Speaking on Tuesday during the unveiling of the World Economic Outlook report at the organisation’s headquarters in Washington, Maurice Obstfeld, IMF’s chief economist, said rising political uncertainty had reduced consumer and business confidence in South Africa.
He said, “Nigeria is expected to emerge from the 2016 recession caused by low oil prices and the disruption of oil production. Growth in 2017 is projected at 0.8% owing to recovering oil production and ongoing strength in the agricultural sector.
“However, concerns about policy implementation, market segmentation in a foreign exchange market that remains dependent on central bank interventions (despite steps to liberalize the foreign exchange market) and banking system fragilities are expected to weigh on activities in the medium term.”

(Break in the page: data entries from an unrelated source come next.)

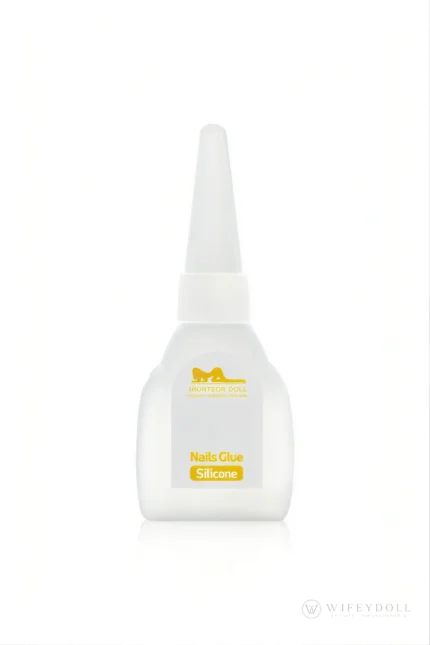 A precision-tip bottle of nail adhesive for attaching replacement nails to silicone doll hands.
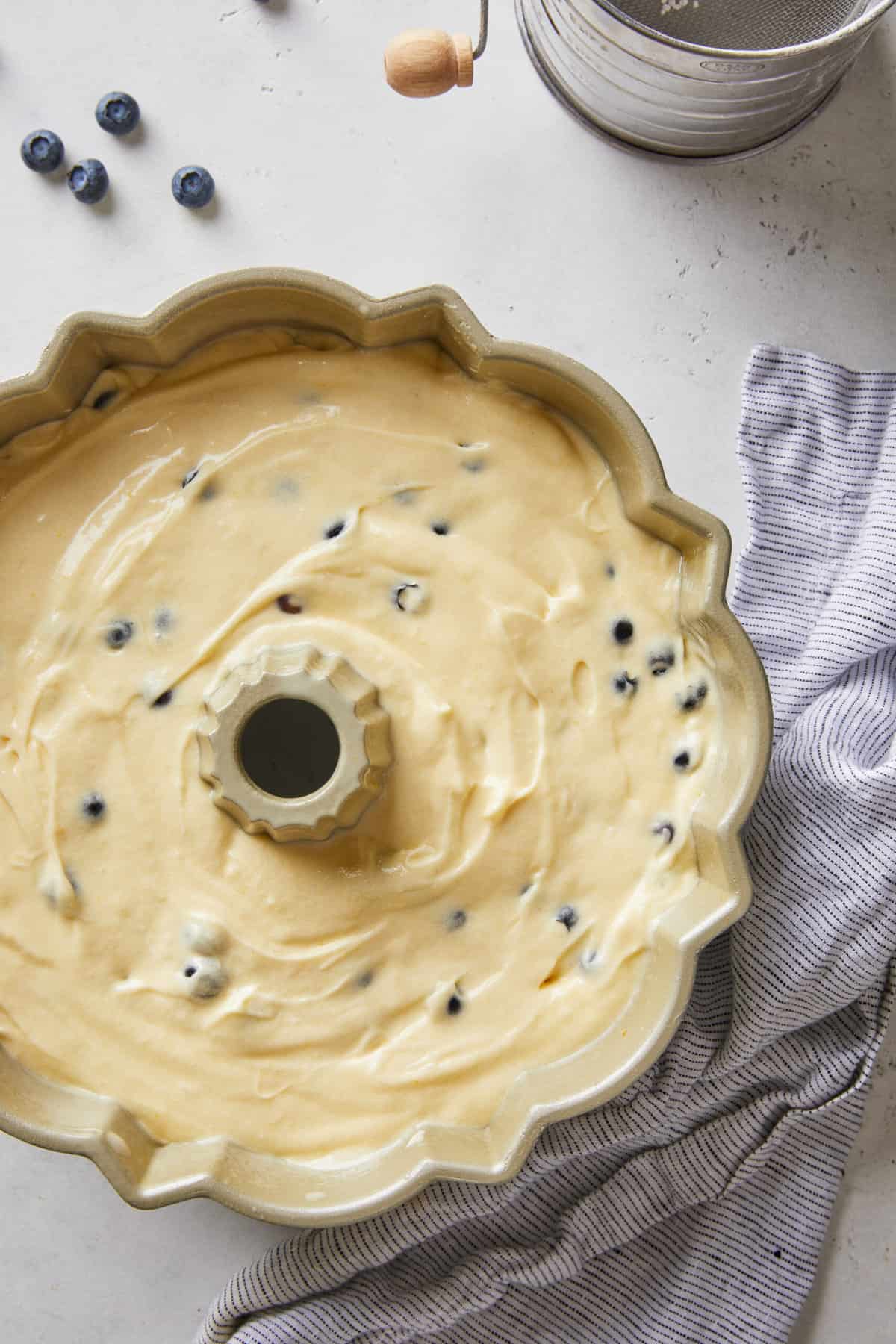 Orange batter with blueberries in a bundt pan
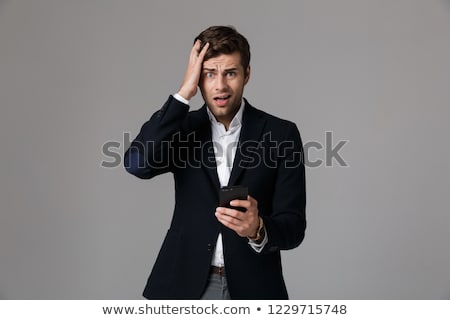 Stock photo: Image Of Stressful Man 30s In Business Suit Using Black Smartpho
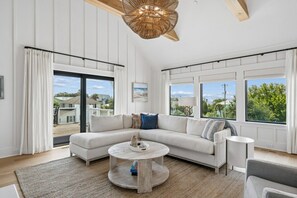 Ein modernes Wohnzimmer mit einer Eckcouch, einem runden Couchtisch und großen Fenstern, die einen Ausblick ins Freie bieten.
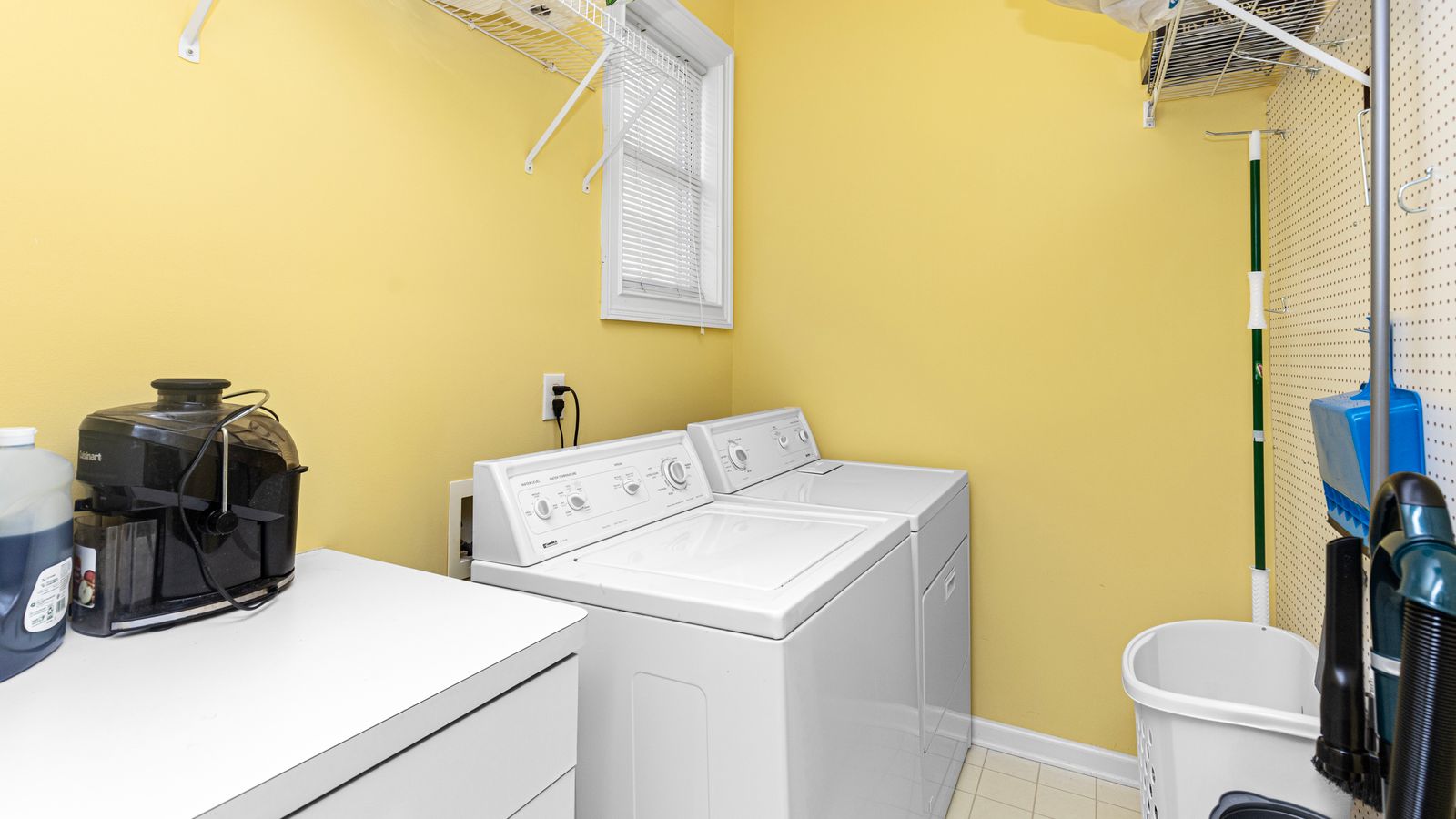 A bright laundry room — most replacements happen where the old unit already sits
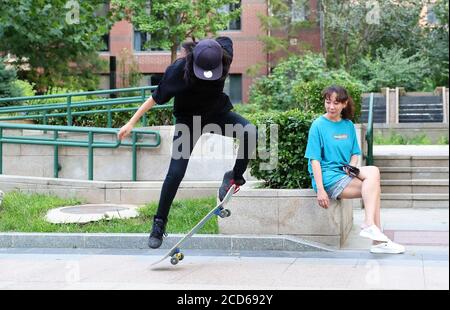 (200827) -- PEKING, 27. August 2020 (Xinhua) -- Lin Ziyis Mutter sieht zu, wie Lin (L) in ihrer Wohngemeinschaft in Peking, der Hauptstadt von China, Skateboarding praktiziert, 8. August 2020. Der 16-jährige Lin Ziyi ist Schüler der Pekinger Hochschule Nr. 4. Sie hat sich vor vier Jahren in Skateboarding verliebt, als ihr Vater ihr ein Skateboard zum Geburtstag schenkte. Danach wurde sie süchtig nach dem Sport. Als sie gefragt wurde, wie es sich beim Skateboarden anfühlte, sagte sie: "Du denkst an nichts und es fühlt sich an wie Fliegen." Aber es hat nicht immer Spaß gemacht. Ihre Beine wurden schwarz und blau, nachdem sie vom Skateboard tim gefallen waren Stockfoto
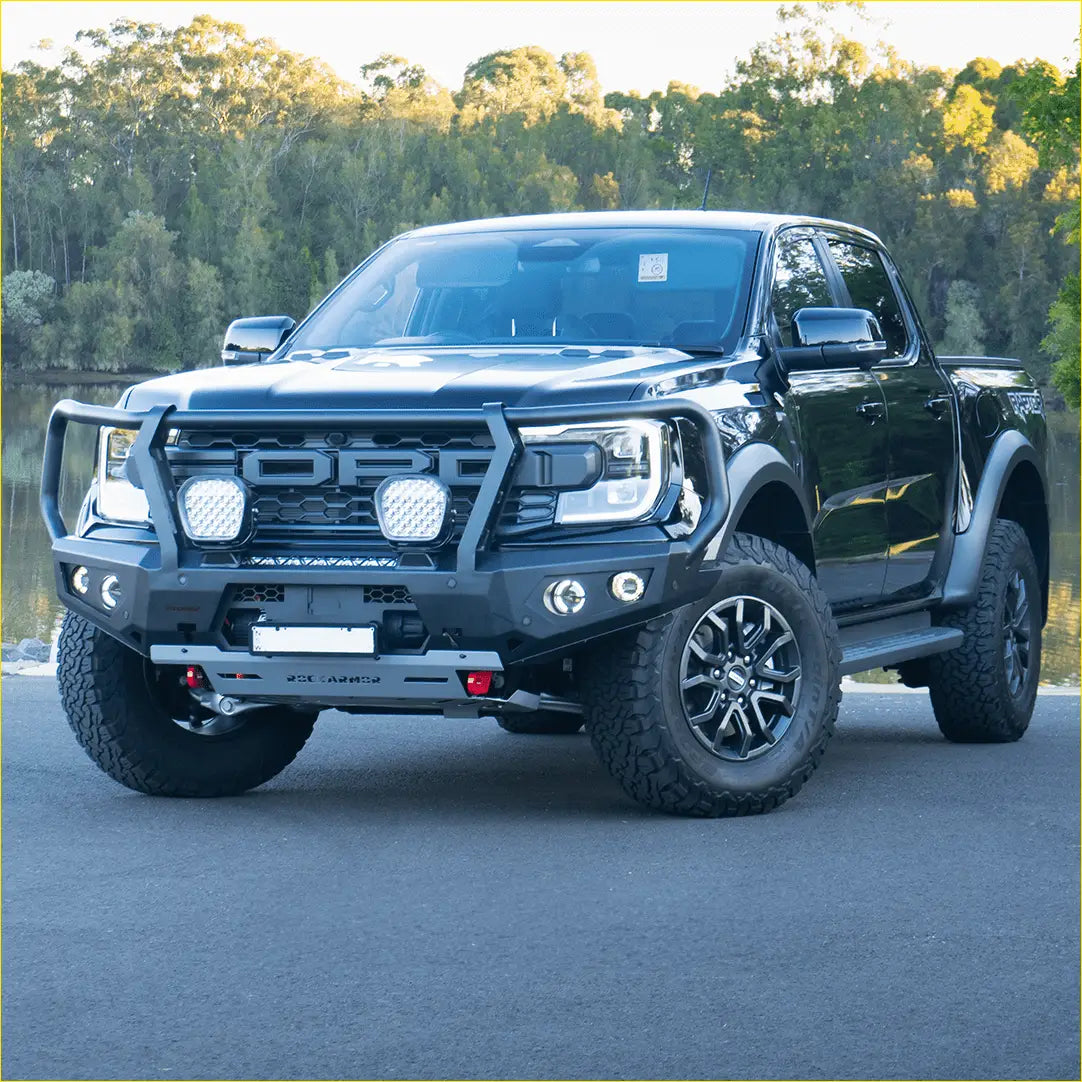 Black ford ranger raptor with rockarmor steel gt hoop bull bar rugged front bumper and off-road tires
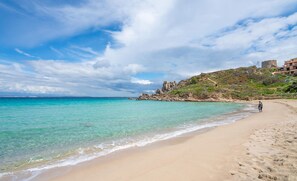Una playa con agua turquesa cristalina, una orilla arenosa y terreno rocoso con edificios en una colina.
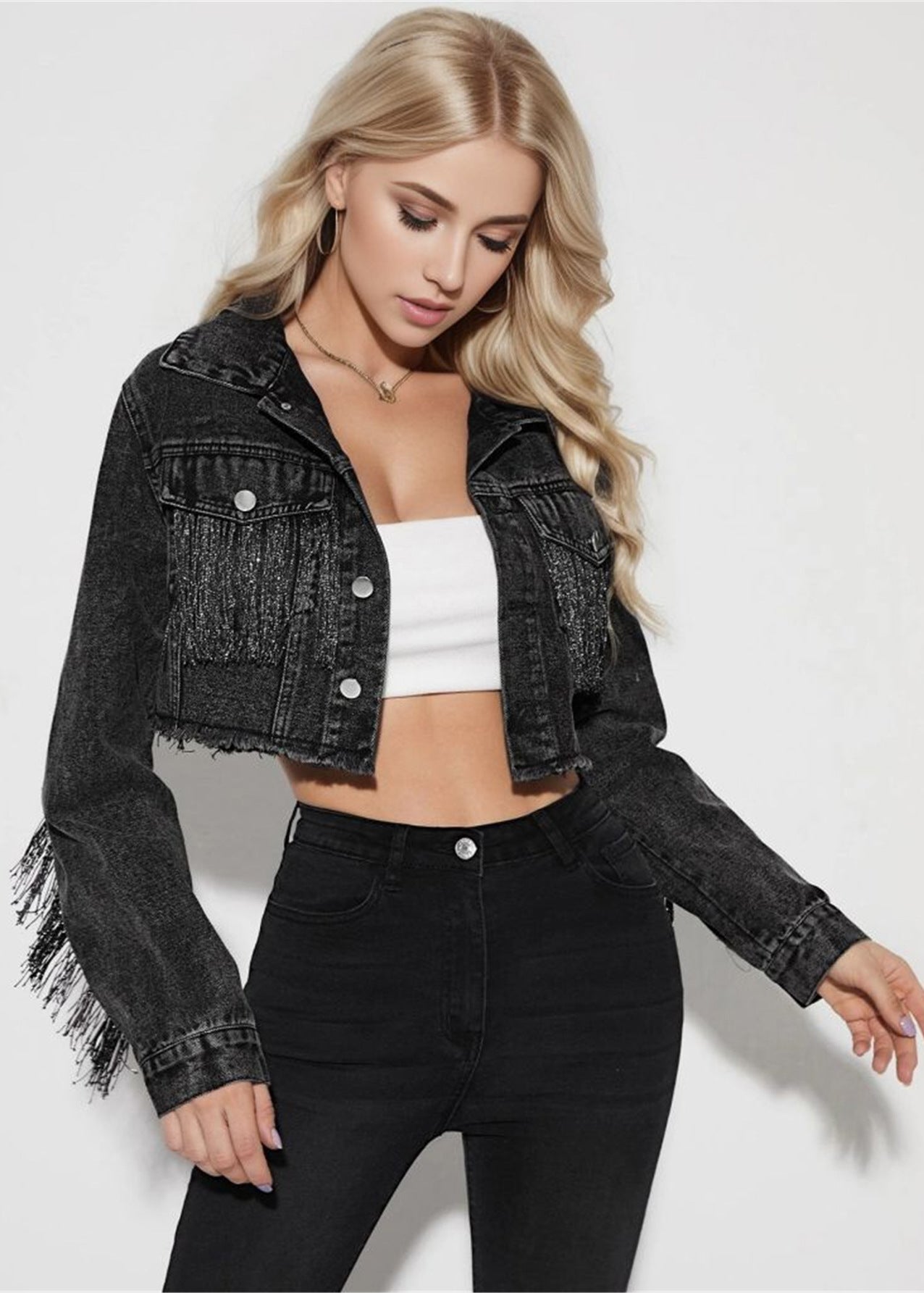 Frau in schwarzer Jeansjacke mit Fransen, weißem Top und schwarzer Hose. Modetrend, Damenbekleidung, stilvolle Freizeitmode.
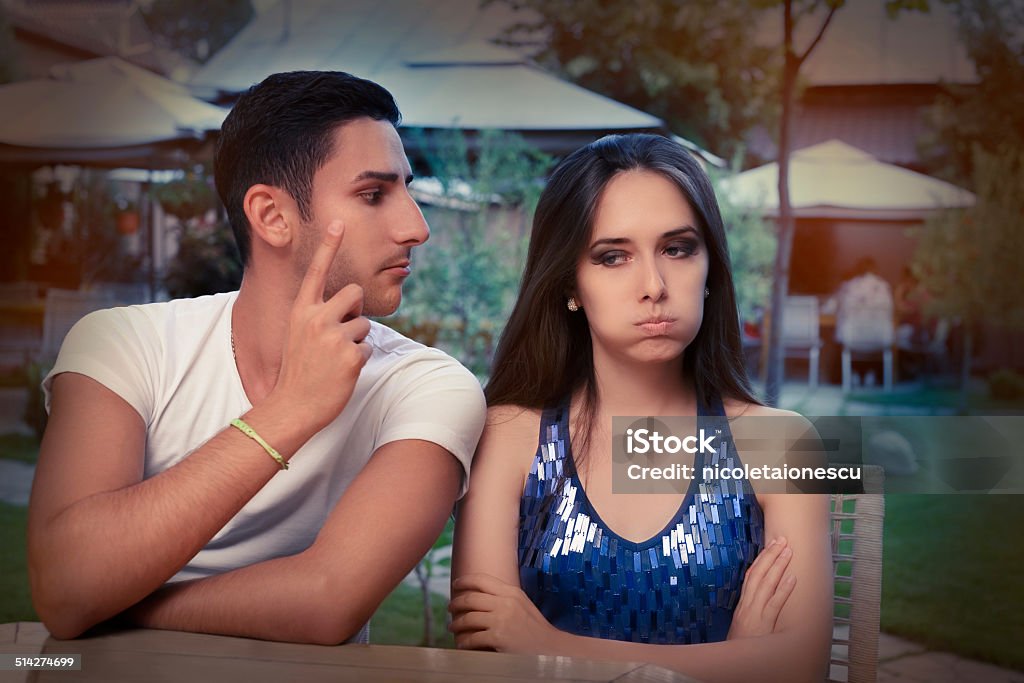 Cute Young Couple Arguing Young adult couple arguing with funny expressions and gestures, out on a date Adult Stock Photo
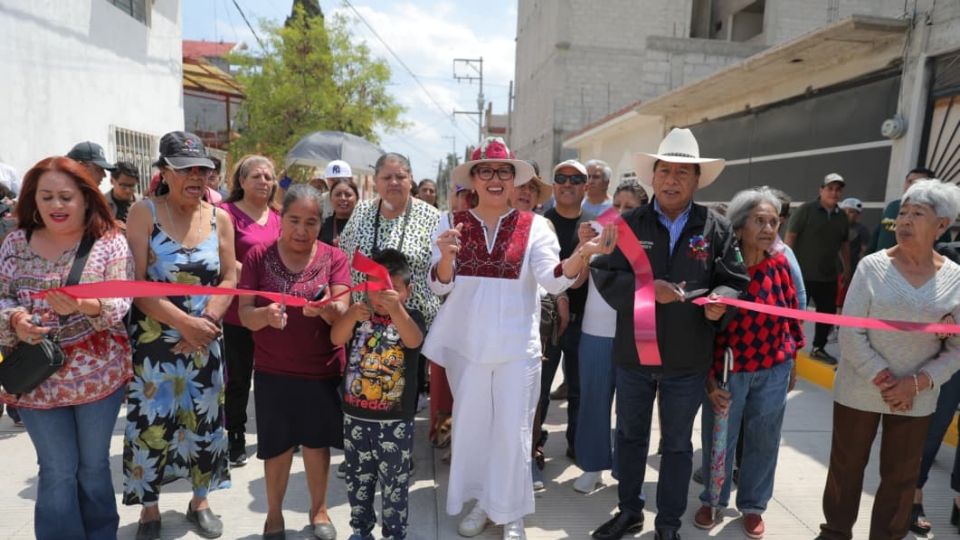 Vecinos y autoridades municipales caminan sobre el nuevo pavimento que incluye palabras conmemorativas en favor de los derechos de las mujeres.
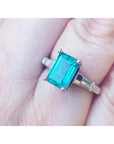 A three stone genuine emerald and baguette side diamond ring in white gold on a finger.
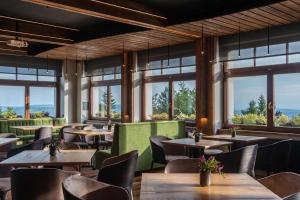 a restaurant with tables and chairs and windows at Hotel Královka in Bedřichov
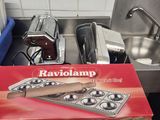 a box of bavolamp sitting on a kitchen counter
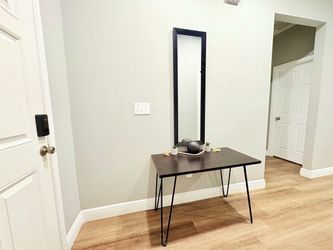 Mirror with entry table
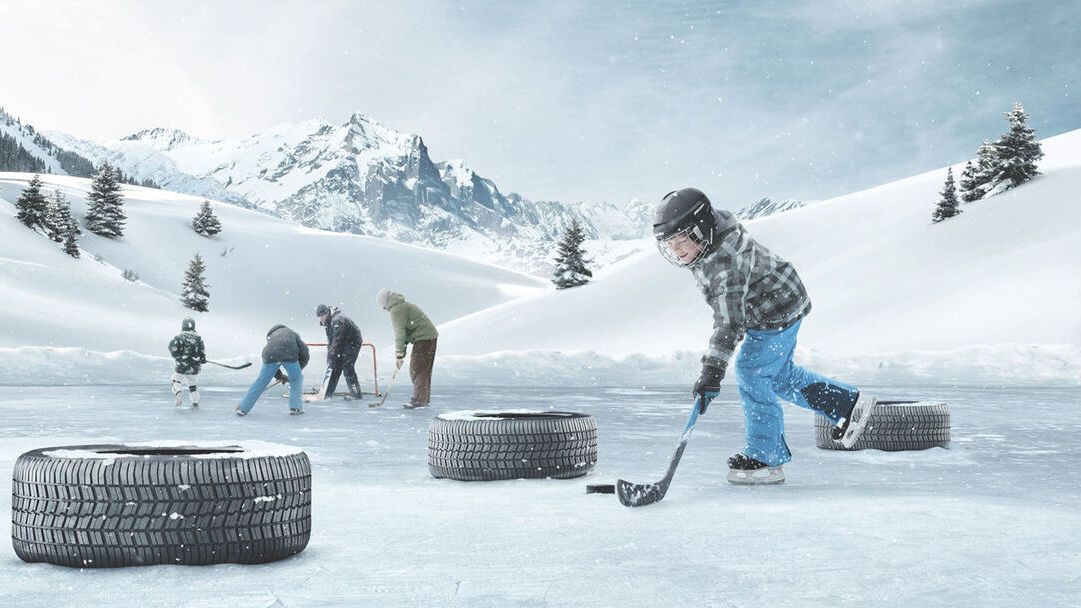 Škoda Winterreifen liegen auf einer Eisfläche. Kinder spielen Eishockey.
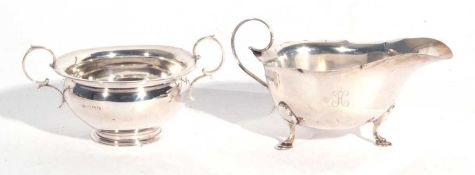 Mixed Lot: George V silver sauce boat with card cut rim, scroll handle, engraved with initial 'H',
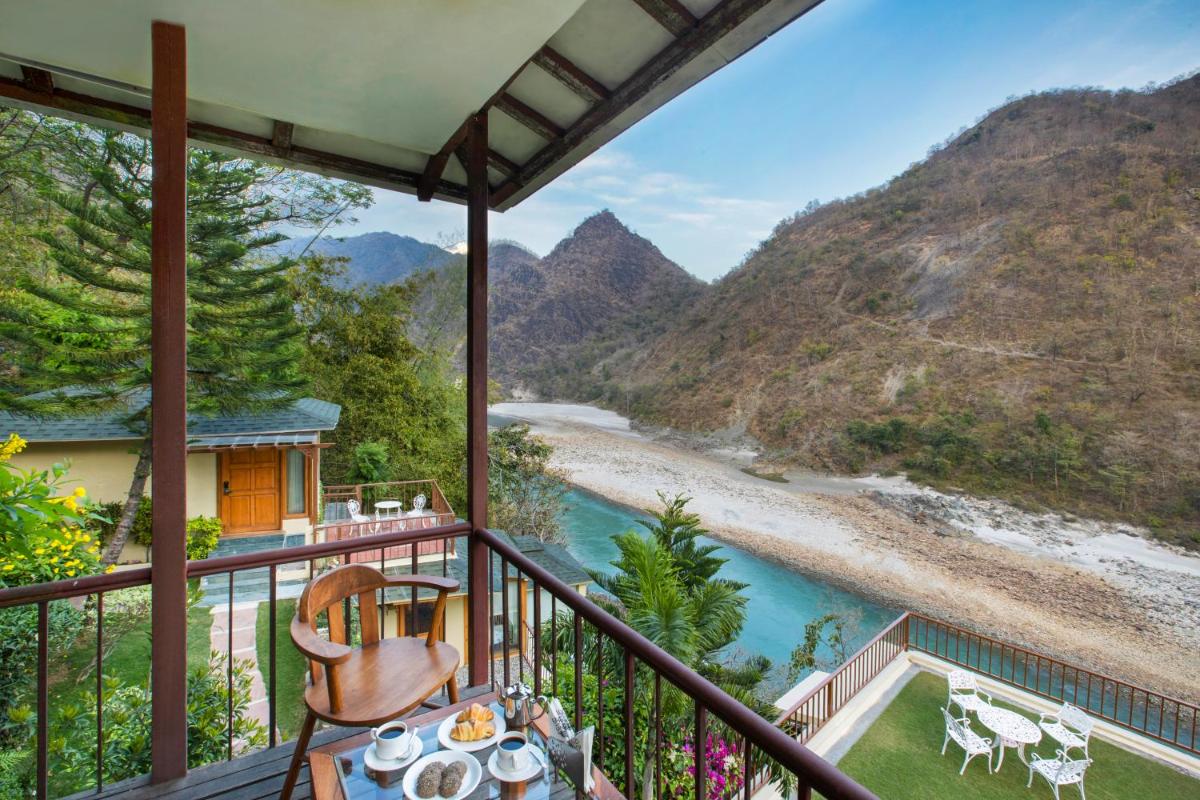 a balcony with a view of a river and mountains at Raga on the Ganges, Rishikesh in Rishīkesh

In its July projections, the Bretton Woods institution had said the global economy would grow by 3.5% in 2017 and 3.6% in 2018.
It also projected that the growth will reach 3.8% by 2021.
However, IMF called on countries to remain cautious as the growth currently experienced is fragile, advising that ambitious reforms are necessary to avoid a decline.
“Growth in oil exporting advanced countries is projected to recover. In 2017, it is forecast to rise to 1.4% in Norway and increase (by about 1.5%) to 3% in Canada.
“After averaging $43 a barrel in 2016, oil prices are expected to average $50.3 a barrel in 2017 (down from $55.2 a barrel in April 2017 WEO) and stay at about that level in 2018,” he stated.